Spicy chilli garlic chutney, also called as Tikhat Lasun Chutney or Lasan ni Chutney too, just like the sweet and sour dates chutney, is a much needed dip for chaats or to be served with dhoklas. The spiciness depends on the type of red chillies used and can be adjusted as per preference.
I stock up on this chutney in the refrigerator as it has a good shelf life and comes handy with certain dishes. It gives a much needed spice and flavour to the chaats or the plain khaataa dhokla. Can be used in the preparation of many other of chilli garlic flavour or can be even had as an accompaniment with some plain vegetable and daal rice too.
Here goes the recipe for Spicy Chilli Garlic Chutney.
- 20 Dry Red Bedgi Chillies
- 10 Garlic cloves
- 1/2 tsp Cumin seeds
- Salt to taste
- To make the spicy chilli garlic chutney, soak the dry red Bedgi chillies in hot water for about an hour.
- Drain and grind together with the garlic, cumin seeds and salt to a fine paste using sufficient water.
- Store in airtight jar in the refrigerator till further use.
Sweet and Sour Dates Chutney, also called as Khajoor Imli ki Chutney is a very delicious and healthy dip. A must in chaats or with Samosas or Vada paav, this is almost an iconic dip.

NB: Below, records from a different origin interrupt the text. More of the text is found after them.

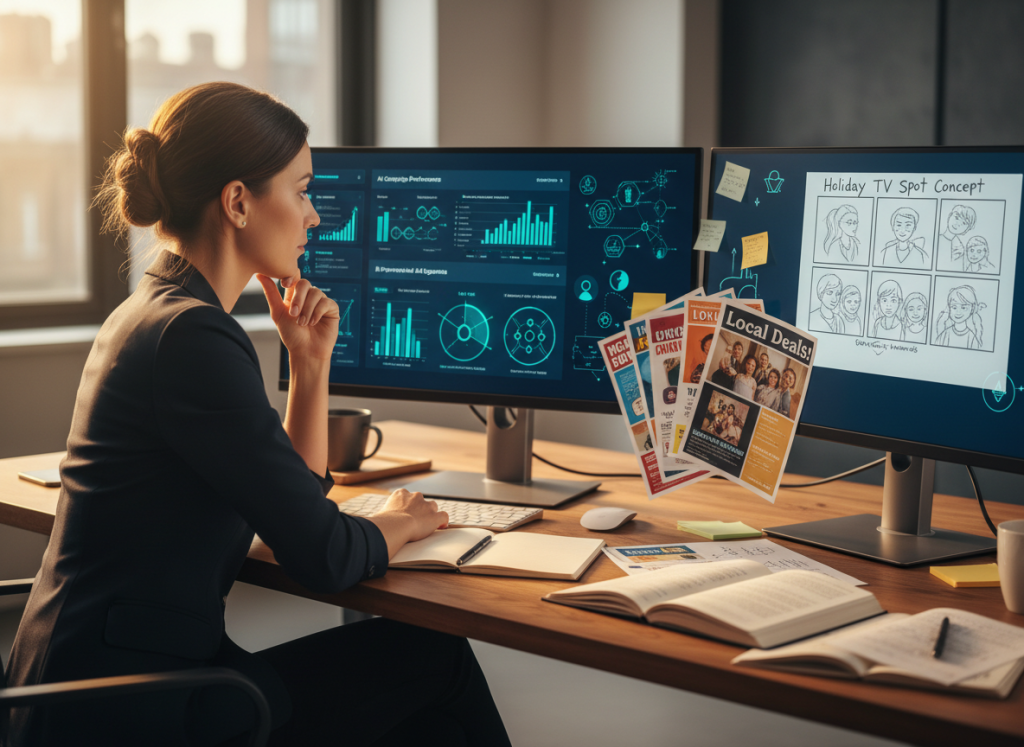 Marketer sitting at a desk analyzing AI digital dashboards on one screen and traditional marketing tools like flyers and TV storyboards on another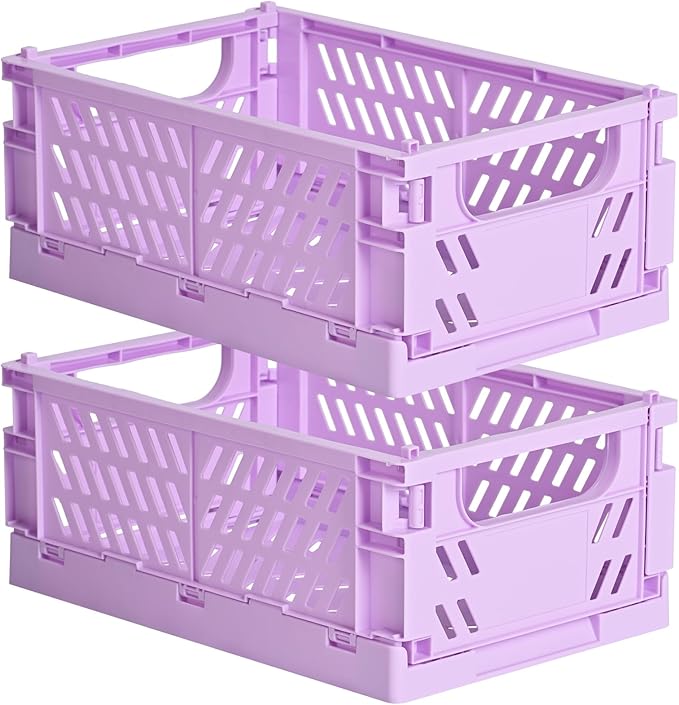 2-Pack Small Pastel Plastic Storage Baskets, Collapsible Crates by HUUSMOT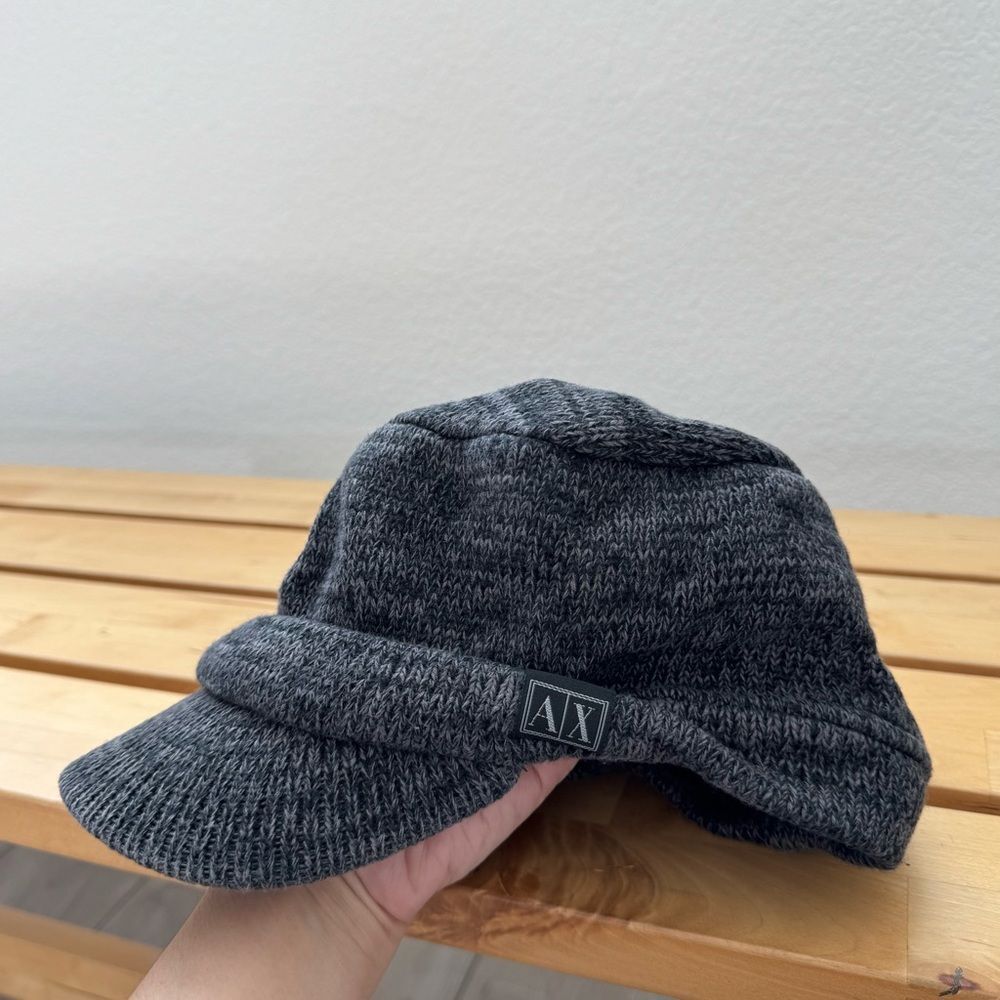 Armani Exchange Womenβs Charcoal Knit Cap, sizeβ Large/XLarge-G/TG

Due to the dates, tamarind and jaggery used, it is high on the health quotient! It imparts the much needed tang and sweetness to any dish. Indian street food or chaats or parathas, the list is endless, are all incomplete without this Dates and Jaggery Chutney. Though I seriously doubt how much dates or jaggery is used by the roadside hawkers selling those chaats! But homemakers do use these healthy ingredients!
Nowadays I have just started making this chutney on a large scale and storing it in the refrigerator in jars. It can stay upto many months in a refrigerator and comes handy whenever you want to make any chaat. Here goes the recipe for this Delicious Dates Chutney!
- 10 Dates
- 1/2 cup Tamarind
- 1 1/2 cup Jaggery
- 1 tsp Roasted Cumin powder
- 1/2 tsp Red chilli powder
- 1/2 tsp Salt
- 1/2 cup Water
- To make the Sweet and Sour Dates Chutney, first soak the dates and tamarind separately in hot water for about an hour.
- Deseed the dates and grind to a smooth puree without using additional water.
- Deseed the tamarind too and grind to a smooth puree.
- Heat a heavy bottomed pan, and add the water to it. Add both the purees and the jaggery to it and mix well.
- Cook on high flame stirring occasionally till the jaggery dissolves.
- Check for tanginess and sweetness. More or less jaggery and tamarind should be used as per preference. Adjust as per one’s taste.
- Add the spice powders and salt. Mix and switch off the heat.
- Cool and store in airtight container in the refrigerator till further use.